Fulmer, now 81, was the Wampus Cat head coach from 1967-70 before becoming the first full-time athletic director in the school’s history. He has been inducted into the University of Central Arkansas Sports Hall of Fame and the Arkansas Track and Field Hall of Fame.

Joe Fred Young, 73, was offensive coordinator. After a distinguished coaching career at Fort Smith Northside, he is a member of the Arkansas High School Coaches Association Hall of Fame and the UCA Sports Hall of Fame.

Ernie Miller, 74, was defensive coordinator. He has been inducted into the UCA Sports Hall of Fame and the Arkansas Track and Field Hall of Fame.

Bernie Cox, 72, coached offensive backs and special teams. He went on to a 35-year tenure at the helm of Little Rock Central High School and is a member of the Arkansas Sports Hall of Fame and the Harding University Athletic Hall of Fame.

Johnny Simmons, 73, coached defensive backs and special teams and is a member of the UCA Sports Hall of Fame.

A year after the Wampus Cats went 10-1 (losing only to North

Little Rock) and were named the No. 1 team in Class AA, the 1968 squad finished 10-2.

“I got to select them, but I pretty well knew them,” Fulmer said of his coaches. “I knew Joe Fred most of his life, and Bernie was my quarterback at Jacksonville, and I knew him quite well. I knew Ernie from when he was in college [at UCA].

“They were capable coaches. I knew they could coach, and I allowed them to coach. Bernie told me one time, ‘This is the first time I’ve got to coach.’ I trusted them that much. They were that dependable, and I knew they could do the job.”

While the staff eventually moved on — Fulmer became Conway athletic director before going into private business; Young succeeded him as head coach for a year and later took Cox with him to Little Rock Central; Simmons went on to a 45-year career in banking, real estate and insurance; and Miller retired after 38 years in school-equipment sales — all five recall their common Conway experience fondly.

“Those four years meant everything in the world to me,” Cox said. “That four years there and the three years I was with Joe Fred [as an assistant] at Central set me up for whatever I’ve been able to do. The four years at Conway gave me the background I needed, and I needed it badly.

“The kids were so good to coach, and they were disciplined. That was a good community with good people, and those four guys, they took care of me.”

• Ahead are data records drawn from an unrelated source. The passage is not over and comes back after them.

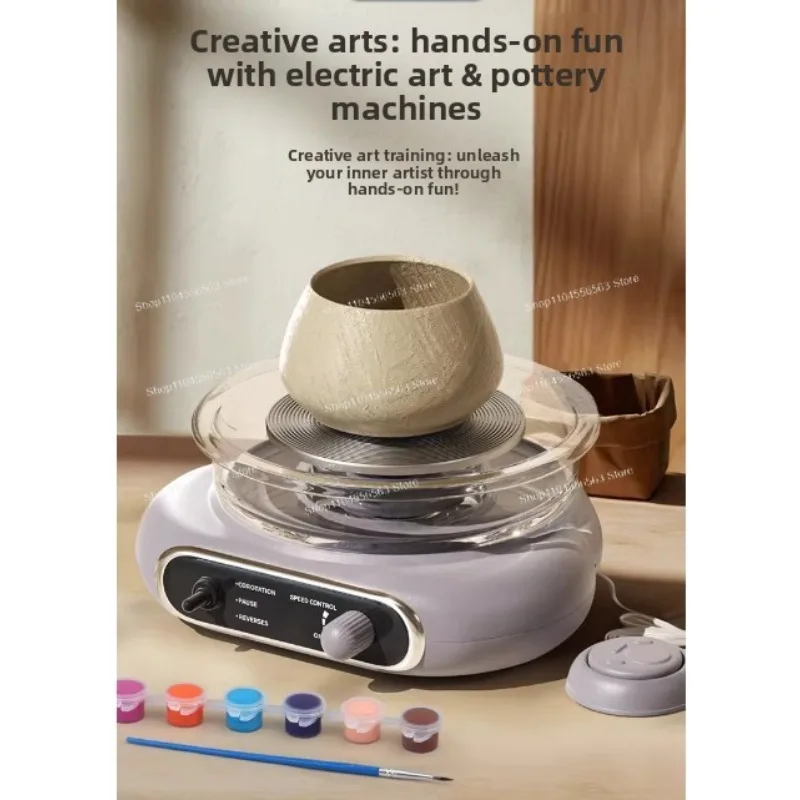 Kids' DIY Electric Mini Pottery Wheel Kit | Parent-Child Interactive Art Craft Pottery Making Toy
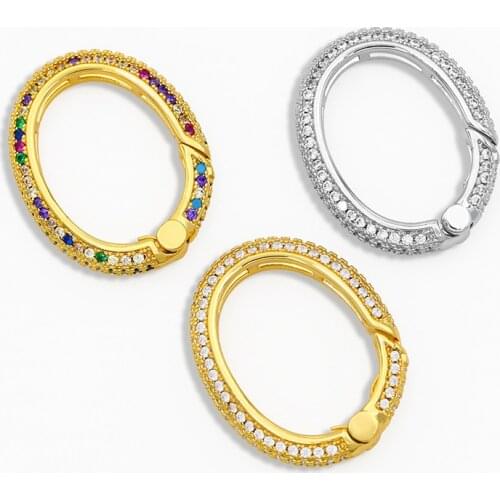 OCESRIO Brass CZ Multi Color Rainbow Locks for Jewelry Gold Plated Making Jewelry Connectors Bracelet Connector cspa106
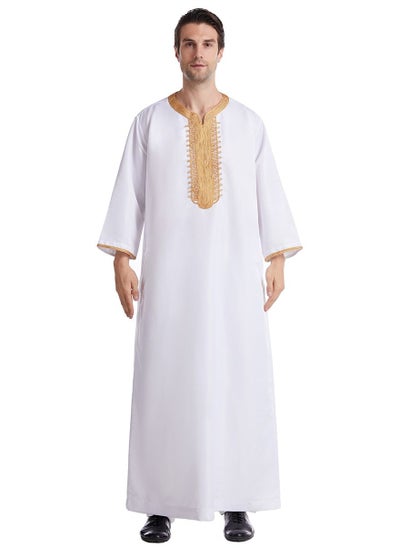 اشتري Men's Casual Full Length Embroidery Abaya Robe Islamic Arabic Kaftan White/Gold في السعودية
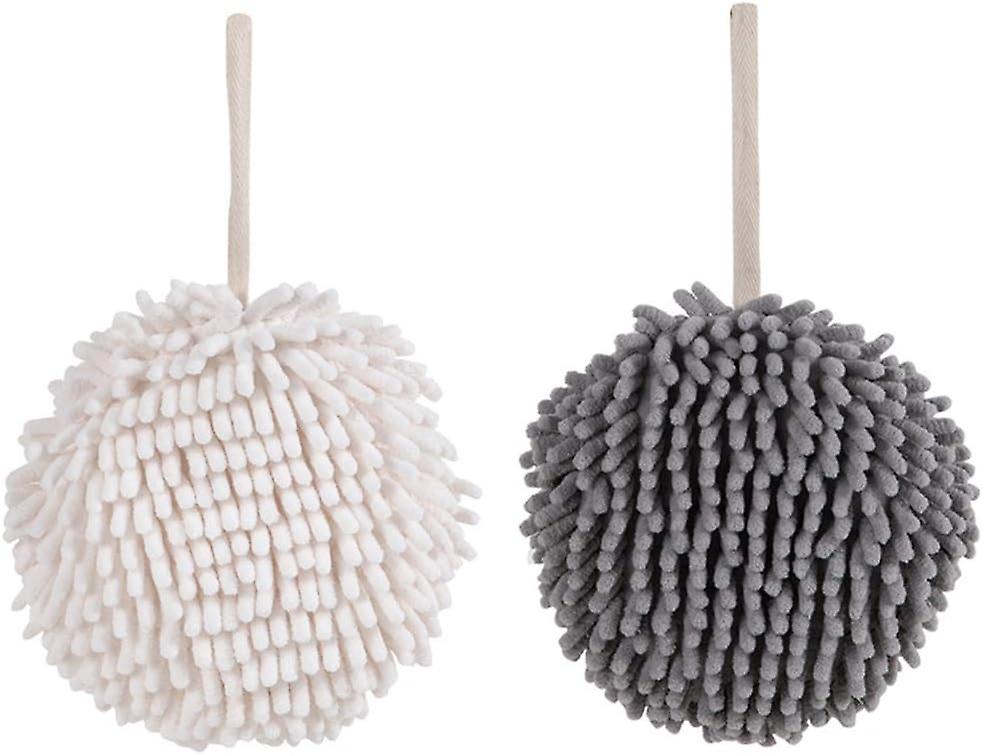 Hand Towels - 2 Pack Coral Velvet Hand Towels for Bathroom and Kitchen, Microfiber, Quick Dry, Super Absorbent, with Hanging Loop (White and Gray)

Cox said he believed he was too young to take the reins at Central when Young left there after three seasons for a position on Frank Broyles’ University of Arkansas staff in December 1974, but over the next 35 years, Cox led the Tigers to state titles in ’75, ’78, ’80, ’81, ’86, 2003 and ’04 — and a record of 271-93-8.

He said he played quarterback for Fulmer at Jacksonville from his freshman through senior seasons.

“[Fulmer] was one of the reasons I went into coaching,” Cox said. “I had graduated from Harding in 1966 and was coaching at Searcy when he had an opening and called me, and boy, I jumped on that. The staff over there — Joe Fred and Johnny and Coach Fulmer and Ernie and C.D. Taylor (another Hall of Famer who was the Wampus Cats’ basketball coach) — was so good, and I learned a lot about kids and coaching and football the four years I was there.

“It was the hardest thing in the world for me to leave after four years and go to Little Rock with Joe Fred. That was a wonderful, wonderful period of my coaching life. And I still have a love in my heart for Conway. I’m still for Conway in everything they do, athletically and as a community.”

Young joked that he “had to choke Bernie to get him out of Conway.”

After Central, Young coached two years under Broyles, then decided to return to high school coaching. He spent four years at Fayetteville before landing at Northside, where he took the Grizzlies to eight state championship games during his 1981-98 tenure and won the title in 1987.

“I learned everything from Dennis,” Young said. “The thing I got most from him was how to deal with people and with kids. He was absolutely marvelous.